## REQUIREMENT
Return nothing but the lines from the one with "Grip lock rubber" through the one with "For our equipment, we" in the data below, word for word and without pictures.

## THE INPUT
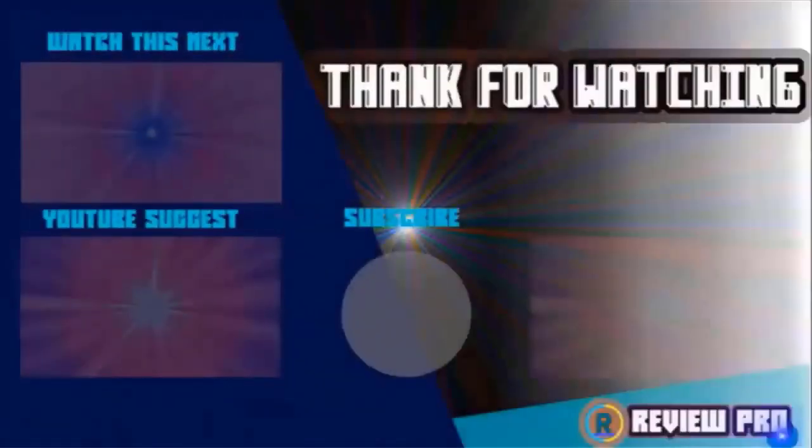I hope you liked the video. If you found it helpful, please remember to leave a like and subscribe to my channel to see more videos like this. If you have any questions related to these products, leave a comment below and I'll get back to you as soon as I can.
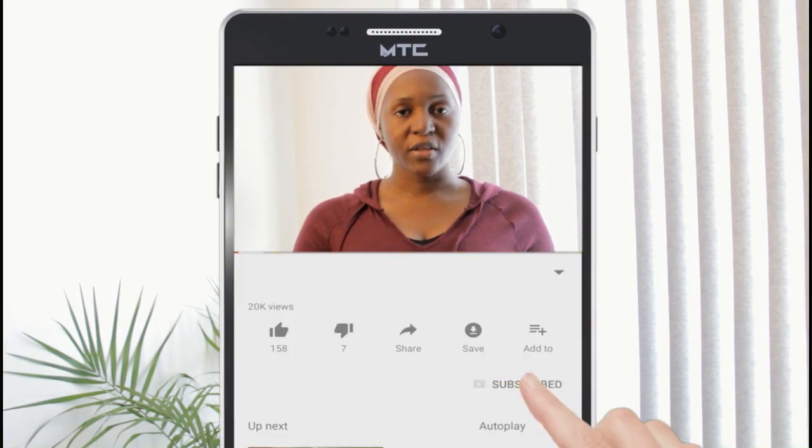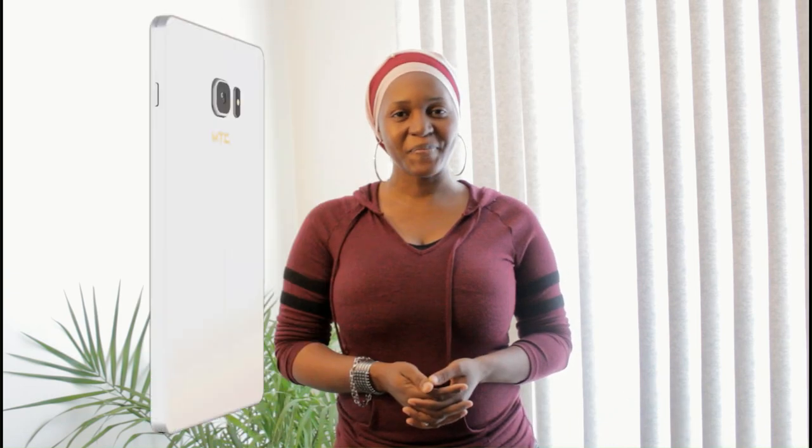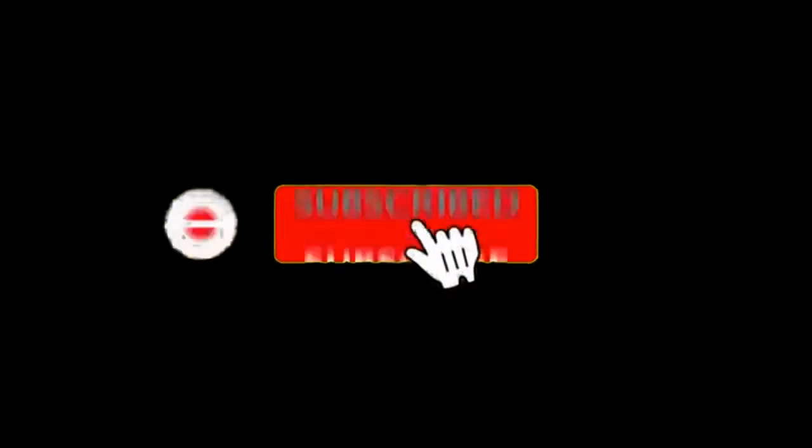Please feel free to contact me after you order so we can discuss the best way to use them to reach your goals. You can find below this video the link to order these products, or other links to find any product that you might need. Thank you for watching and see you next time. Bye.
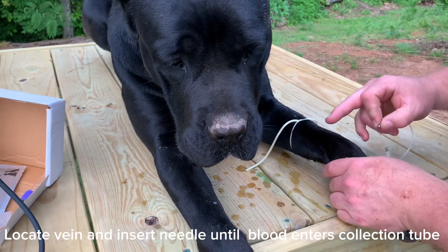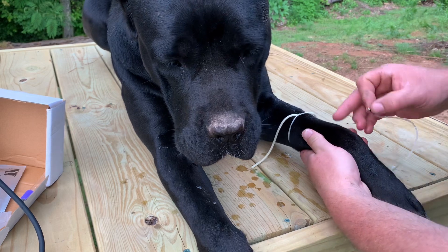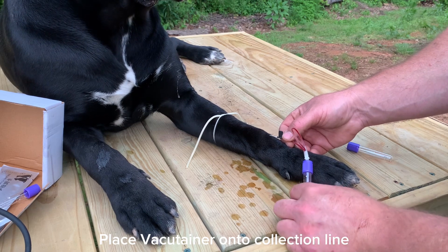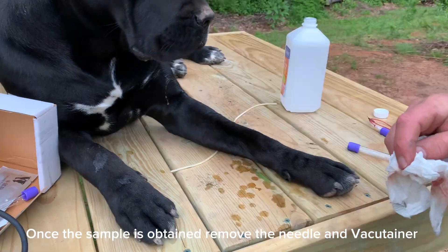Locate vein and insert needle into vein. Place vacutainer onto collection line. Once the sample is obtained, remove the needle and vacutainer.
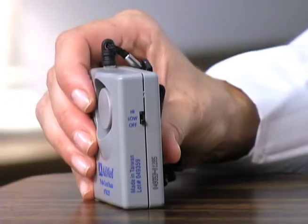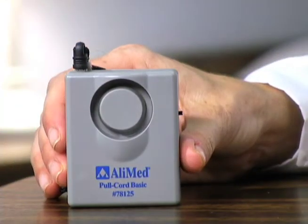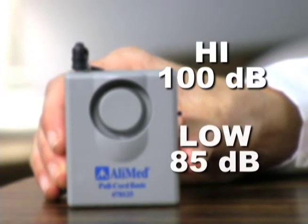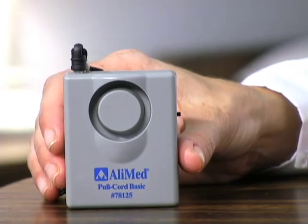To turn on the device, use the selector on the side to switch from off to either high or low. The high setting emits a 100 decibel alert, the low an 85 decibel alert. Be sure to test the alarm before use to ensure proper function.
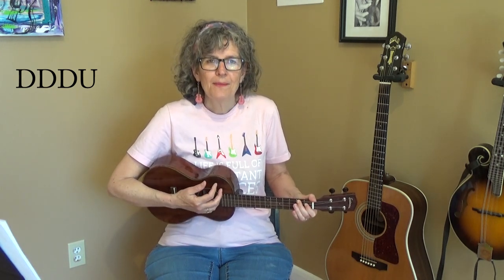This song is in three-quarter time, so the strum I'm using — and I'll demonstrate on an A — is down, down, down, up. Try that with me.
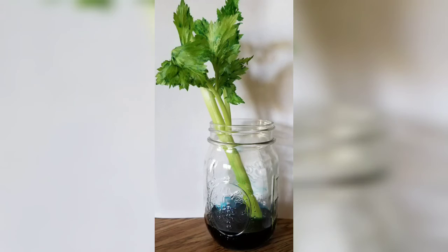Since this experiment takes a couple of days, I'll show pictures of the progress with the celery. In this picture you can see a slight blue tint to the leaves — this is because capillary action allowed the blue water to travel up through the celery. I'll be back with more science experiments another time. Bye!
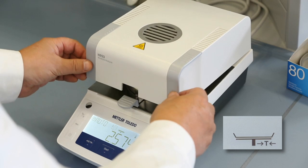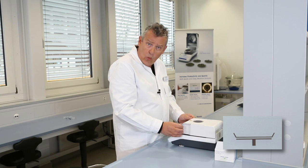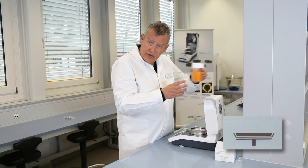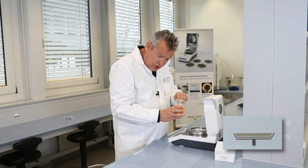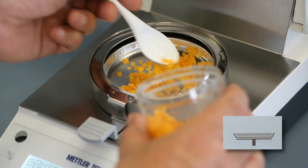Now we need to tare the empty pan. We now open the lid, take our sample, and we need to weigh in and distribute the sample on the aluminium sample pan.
==
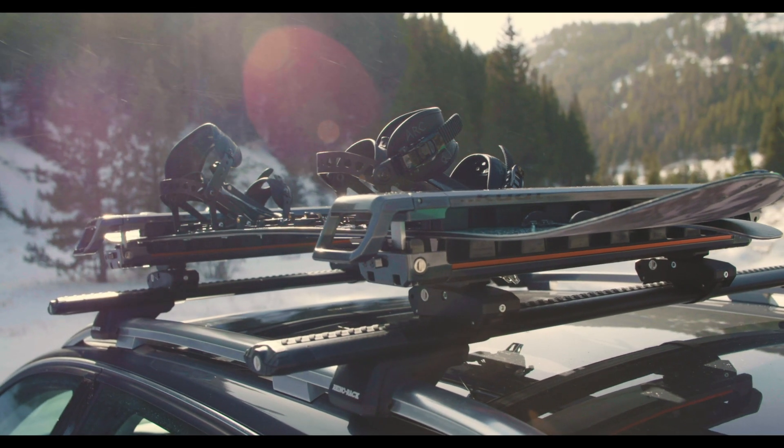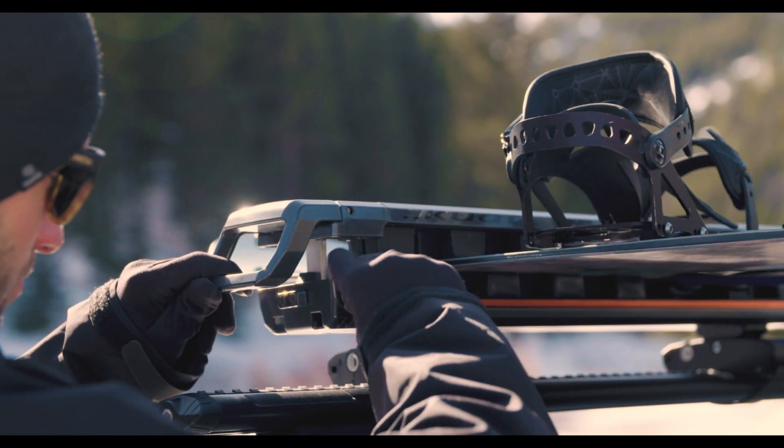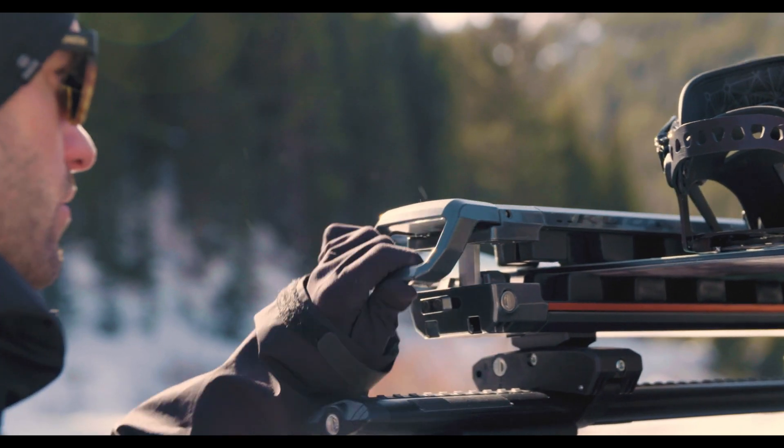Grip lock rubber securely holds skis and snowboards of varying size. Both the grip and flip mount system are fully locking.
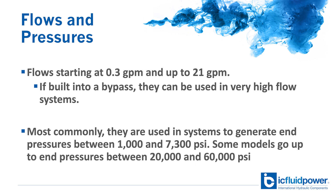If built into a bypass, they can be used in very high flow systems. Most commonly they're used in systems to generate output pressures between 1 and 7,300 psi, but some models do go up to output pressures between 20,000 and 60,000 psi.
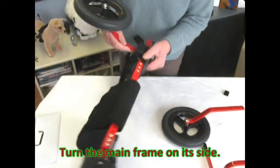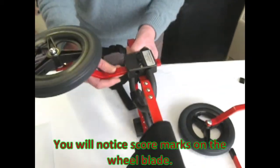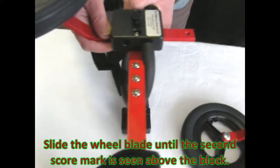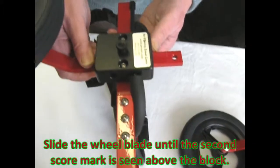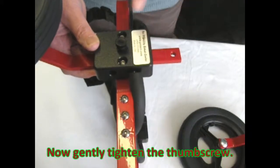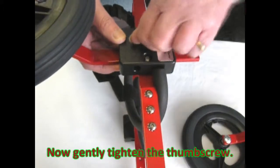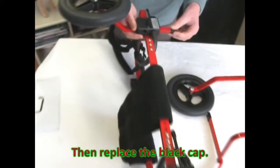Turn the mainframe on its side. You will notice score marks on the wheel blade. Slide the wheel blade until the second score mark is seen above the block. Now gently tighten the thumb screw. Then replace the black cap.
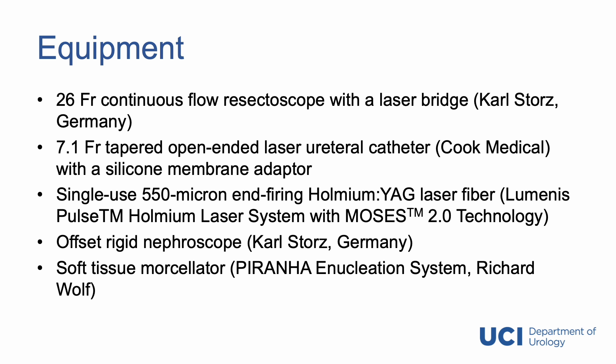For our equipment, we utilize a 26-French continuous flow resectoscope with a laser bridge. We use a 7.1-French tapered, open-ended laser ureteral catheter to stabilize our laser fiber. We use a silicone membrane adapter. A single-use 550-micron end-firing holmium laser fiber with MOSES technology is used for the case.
...
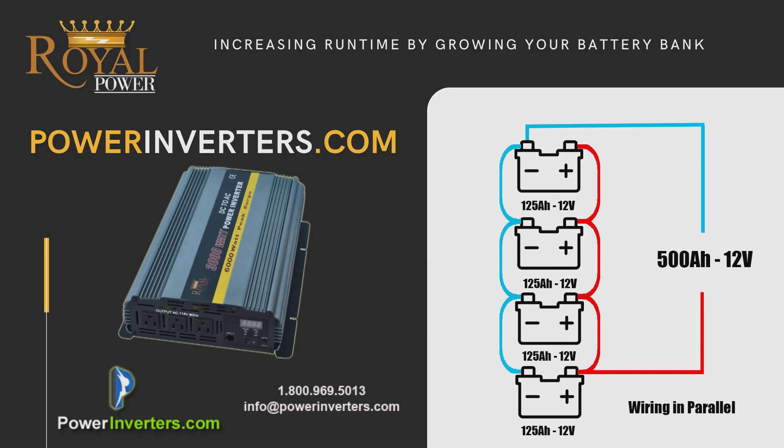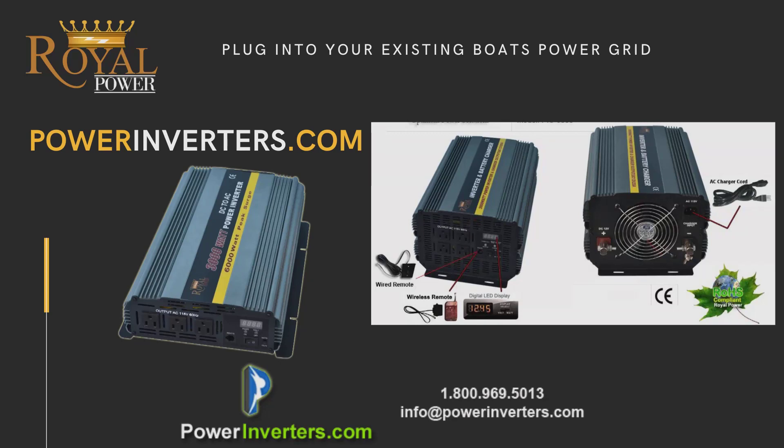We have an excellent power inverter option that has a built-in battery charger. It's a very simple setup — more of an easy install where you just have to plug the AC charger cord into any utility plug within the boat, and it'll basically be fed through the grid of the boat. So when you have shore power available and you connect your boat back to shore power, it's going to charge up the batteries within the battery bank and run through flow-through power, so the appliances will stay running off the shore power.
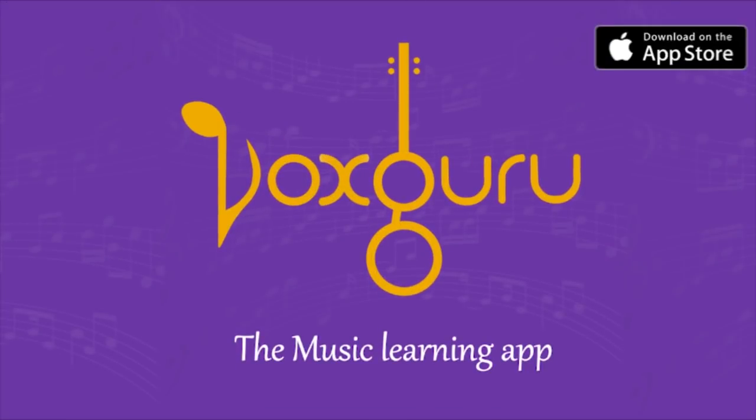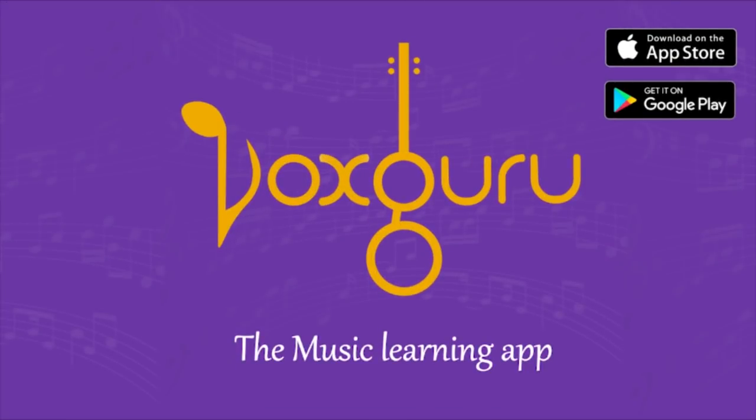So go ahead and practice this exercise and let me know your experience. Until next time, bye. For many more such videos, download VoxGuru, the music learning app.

## OUTPUT BELOW
Grip lock rubber securely holds skis and snowboards of varying size. Both the grip and flip mount system are fully locking.
If built into a bypass, they can be used in very high flow systems. Most commonly they're used in systems to generate output pressures between 1 and 7,300 psi, but some models do go up to output pressures between 20,000 and 60,000 psi.
Turn the mainframe on its side. You will notice score marks on the wheel blade. Slide the wheel blade until the second score mark is seen above the block. Now gently tighten the thumb screw. Then replace the black cap.
For our equipment, we utilize a 26-French continuous flow resectoscope with a laser bridge. We use a 7.1-French tapered, open-ended laser ureteral catheter to stabilize our laser fiber. We use a silicone membrane adapter. A single-use 550-micron end-firing holmium laser fiber with MOSES technology is used for the case.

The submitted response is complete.